The reduction of CO2 emissions from 120 to 95g/km on January 1 2020 will compel manufacturers to step up their electrification efforts – but will they have the consumer’s support?
Reading the EV market is a tricky science
According to a December 2019 report by McKinsey and Company titled The future of mobility is at our doorstep, automakers would need to sell up to 2.2 million EVs in Europe in 2021 to meet their CO2 targets – equal to the total global consumer demand for EVs in 2018.
Reassuringly, in 2019 EV sales-tracking portal, EV Volumes, reported that the plug-in electric vehicle market from January to October was consistently greater than that recorded in 2018. An increase of 39 percent boosted plug-ins’ share of the overall market to three percent, compared to 2.1 percent for the same period in 2018. BEV deliveries increased by 128,000 while PHEVs lost 2,600 sales compared to 2018, resulting in a net gain of 125,400 units.
Driven by the new regulations BloombergNEF expects sales of full-electric and plug-in hybrid cars to grow 35 percent in the first nine months of 2020, a rate far higher than China and North America.

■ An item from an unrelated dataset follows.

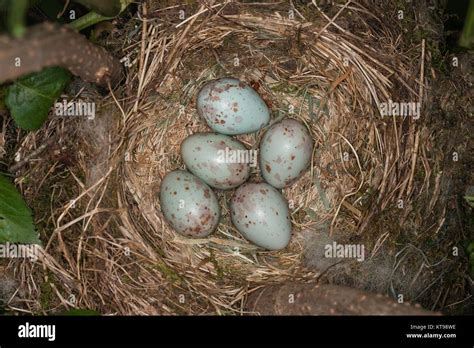 Thrush nest uk hi-res stock photography and images - Alamy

What’s more, the production of electric vehicles in Europe is forecast to multiply six-fold between 2019 and 2025, reaching more than four million cars and vans, or more than 20 percent of total EU light vehicle production. Based on these figures, the European Federation for Transport and Environment (T&E) believes that manufacturers should be able to meet their CO2 targets up to 2025.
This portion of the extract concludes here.